In the HEATflex1 project, experts from Austria and Denmark are developing technical and economic strategies within the framework of ERA-Net SES to increase the competitiveness of CHP plants and district heating plants. Central topics are the integration of renewable energy and the provision of heat flexibilities. Decentralised feed-in to district heating systems will increase significantly in the future thanks to the European “Directive on the promotion of the use of energy from renewable sources”2. The share of renewable energy sources in the EU’s final energy consumption is to increase to at least 32% by 2030. In the heating and cooling sector, the Directive stipulates an annual increase of 1.3 percentage points in the share of renewable energy sources.

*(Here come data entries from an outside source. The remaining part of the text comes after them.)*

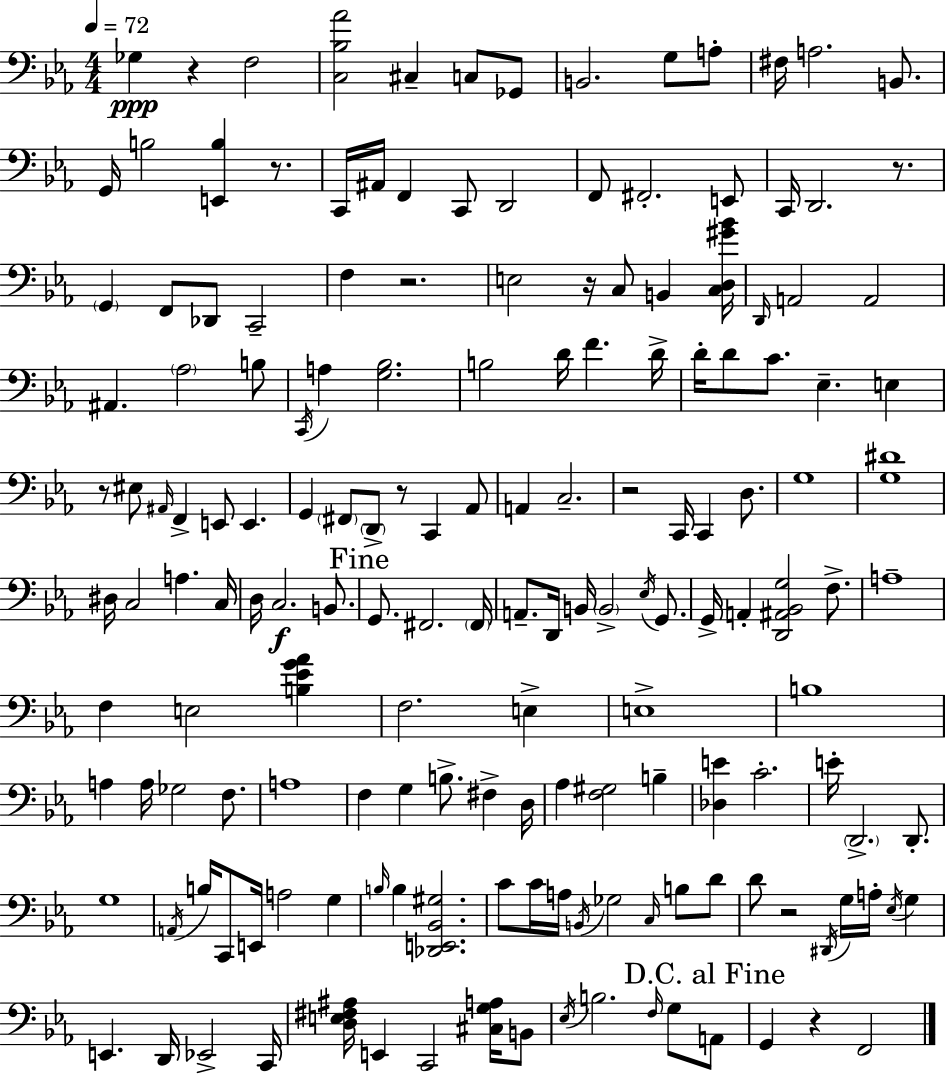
{
  \clef bass
  \numericTimeSignature
  \time 4/4
  \key c \minor
  \tempo 4 = 72
  ges4\ppp r4 f2 | <c bes aes'>2 cis4-- c8 ges,8 | b,2. g8 a8-. | fis16 a2. b,8. | \break g,16 b2 <e, b>4 r8. | c,16 ais,16 f,4 c,8 d,2 | f,8 fis,2.-. e,8 | c,16 d,2. r8. | \break \parenthesize g,4 f,8 des,8 c,2-- | f4 r2. | e2 r16 c8 b,4 <c d gis' bes'>16 | \grace { d,16 } a,2 a,2 | \break ais,4. \parenthesize aes2 b8 | \acciaccatura { c,16 } a4 <g bes>2. | b2 d'16 f'4. | d'16-> d'16-. d'8 c'8. ees4.-- e4 | \break r8 eis8 \grace { ais,16 } f,4-> e,8 e,4. | g,4 \parenthesize fis,8 \parenthesize d,8-> r8 c,4 | aes,8 a,4 c2.-- | r2 c,16 c,4 | \break d8. g1 | <g dis'>1 | dis16 c2 a4. | c16 d16 c2.\f | \break b,8. \mark "Fine" g,8. fis,2. | \parenthesize fis,16 a,8.-- d,16 b,16 \parenthesize b,2-> | \acciaccatura { ees16 } g,8. g,16-> a,4-. <d, ais, bes, g>2 | f8.-> a1-- | \break f4 e2 | <b ees' g' aes'>4 f2. | e4-> e1-> | b1 | \break a4 a16 ges2 | f8. a1 | f4 g4 b8.-> fis4-> | d16 aes4 <f gis>2 | \break b4-- <des e'>4 c'2.-. | e'16-. \parenthesize d,2.-> | d,8.-. g1 | \acciaccatura { a,16 } b16 c,8 e,16 a2 | \break g4 \grace { b16 } b4 <des, e, bes, gis>2. | c'8 c'16 a16 \acciaccatura { b,16 } ges2 | \grace { c16 } b8 d'8 d'8 r2 | \acciaccatura { dis,16 } g16 a16-. \acciaccatura { ees16 } g4 e,4. | \break d,16 ees,2-> c,16 <d e fis ais>16 e,4 c,2 | <cis g a>16 b,8 \acciaccatura { ees16 } b2. | \grace { f16 } g8 \mark "D.C. al Fine" a,8 g,4 | r4 f,2 \bar "|."
}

Current situation in the district heating sector

Competitive pressure in the district heating sector is steadily increasing, especially for biomass-based CHP plants. At present, it is hardly possible to operate such plants in Europe without subsidies. Energy-efficient building renovations are also reducing the specific heat demand in existing district heating networks, which leads to lower utilisation. The decentralised feed-in of energy from renewable sources has a significant impact on the operation and control of grids. Operators of district heating networks are confronted, among other things, with the situation that too much heat is fed into parts of the network in the meantime (e.g. in summer in the case of district heating in Silkeborg, Denmark, where the world’s largest solar power plant is located). Moreover, conventional district heating systems are not designed to distribute heat in both directions in the network. This increases the demand for flexible heat and for solutions that integrate a higher proportion of renewable energy sources.

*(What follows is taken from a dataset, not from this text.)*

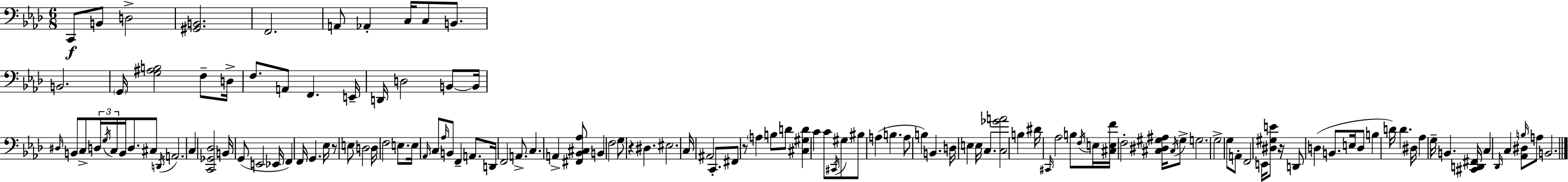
C2/e B2/e D3/h [G#2,B2]/h. F2/h. A2/e Ab2/q C3/s C3/e B2/e. B2/h. G2/s [G3,A#3,B3]/h F3/e D3/s F3/e. A2/e F2/q. E2/s D2/s D3/h B2/e B2/s D#3/s B2/e C3/e D3/s G3/s C3/s B2/s D3/e. C#3/e D2/s A2/h. C3/q [C2,Gb2,Db3]/h B2/s G2/e E2/h Eb2/s F2/q F2/s G2/q. Eb3/s R/e E3/e D3/h D3/s F3/h E3/e. E3/s Ab2/s C3/e Ab3/s B2/e F2/q A2/e. D2/s F2/h A2/e. C3/q. A2/q [F#2,Bb2,C#3,Ab3]/e B2/q F3/h G3/e R/q D#3/q. EIS3/h. C3/s A#2/h C2/e. F#2/e R/e A3/q B3/e D4/e [C#3,G#3,D4]/q C4/q C4/e C#2/s G#3/e BIS3/e A3/q B3/q. A3/e B3/q B2/q. D3/s E3/q E3/s C3/q. [C3,Gb4,A4]/h B3/q D#4/s C#2/s Ab3/h B3/e F3/s E3/s [C#3,E3,F4]/s F3/h [C#3,D#3,G#3,A#3]/s C#3/s G#3/e G3/h. G3/h G3/e A2/e F2/h E2/s [D#3,G#3,E4]/e R/s D2/e D3/q B2/e. E3/s D3/e B3/q D4/s D4/q. D#3/s Ab3/q G3/s B2/q. [C#2,D2,F#2]/s C3/q Db2/s C3/q [Ab2,D#3]/e B3/s A3/e B2/h.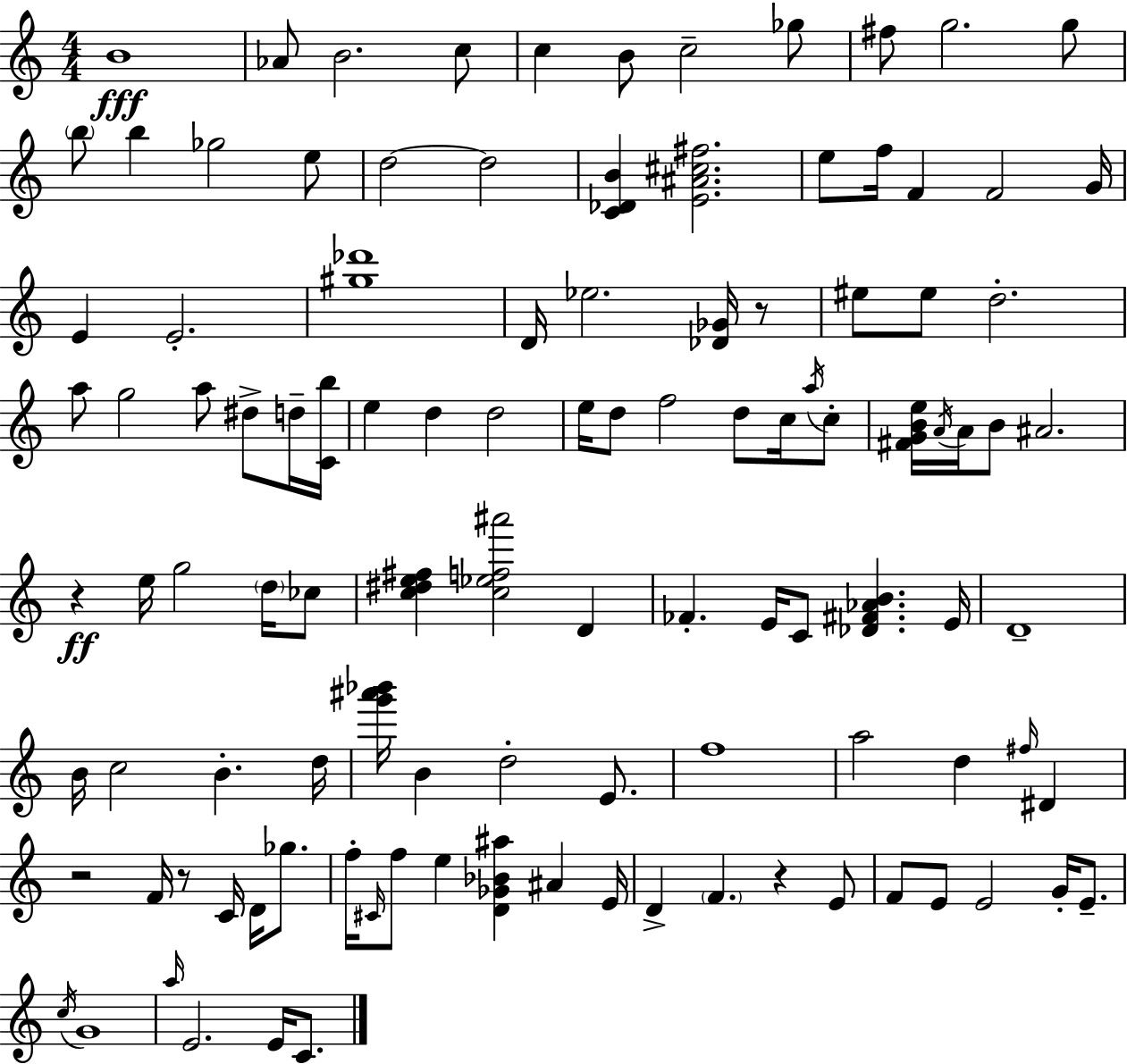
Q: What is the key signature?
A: C major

Transnational research cooperation

Due to the complexity and the different applications, there is a great need for research in the district heating sector. New concepts and solutions must be developed for both technical and economic issues. These include hydraulic integration, the control of decentralised pumps, the billing of prosumers (users who both feed heat into the district heating network and draw heat), flexibility on the heating market, and the optimised use of P2H (power-to-heat). New business models are needed that take advantage of the prosumer approach and reduce dependence on subsidies in the future. This is where the transnational HEATflex project comes in. In a first step, more than 30 interviews as well as workshops with stakeholders in Austria and Denmark were carried out within the framework of the project in order to ascertain the technical, legal and economic framework conditions, as well as the need for new business and operating models. Based on this, business cases could be defined and a simulation approach for a valuation tool was developed.

HEATflex Calculation Tool

The next step was the development of the HEATflex Calculation Tool, a simulation tool that allows the estimation of the (positive) impacts of integrating renewable energy sources into an existing district heating network. After entering a reference scenario, different heat sources, such as solar energy or a waste heat recovery plus heat pump, can be added and the analysis of the technical, commercial, and economic effects can be calculated. Work is currently underway to integrate thermal storage models into the system. The HEATflex-Calculation Tool will be available for free download on the project homepage after completion. The project results will also be incorporated into various guidelines to help with the implementation of sustainable heat networks. Guidelines are planned for integrating prosumers in district heating networks, as well as for reducing the network temperatures.
4ward Energy Research GmbH, Güssing Energy Technologies GmbH, Reiterer & Scherling GmbH, Regelungs-Verteilerbau GmbH (Austria), PlanEnergi (project management), energy Cluster Denmark, Viborg Fjernvarme (Denmark)

2 eur-lex.europa.eu/legal-content/DE/LSU/?uri=CELEX:32018L2001
This project has been funded by partners of the ERA-Net SES 2018 joint call RegSys. As such, this project has received funding from the European Union’s Horizon 2020 research and innovation programme under grant agreement no. 775970.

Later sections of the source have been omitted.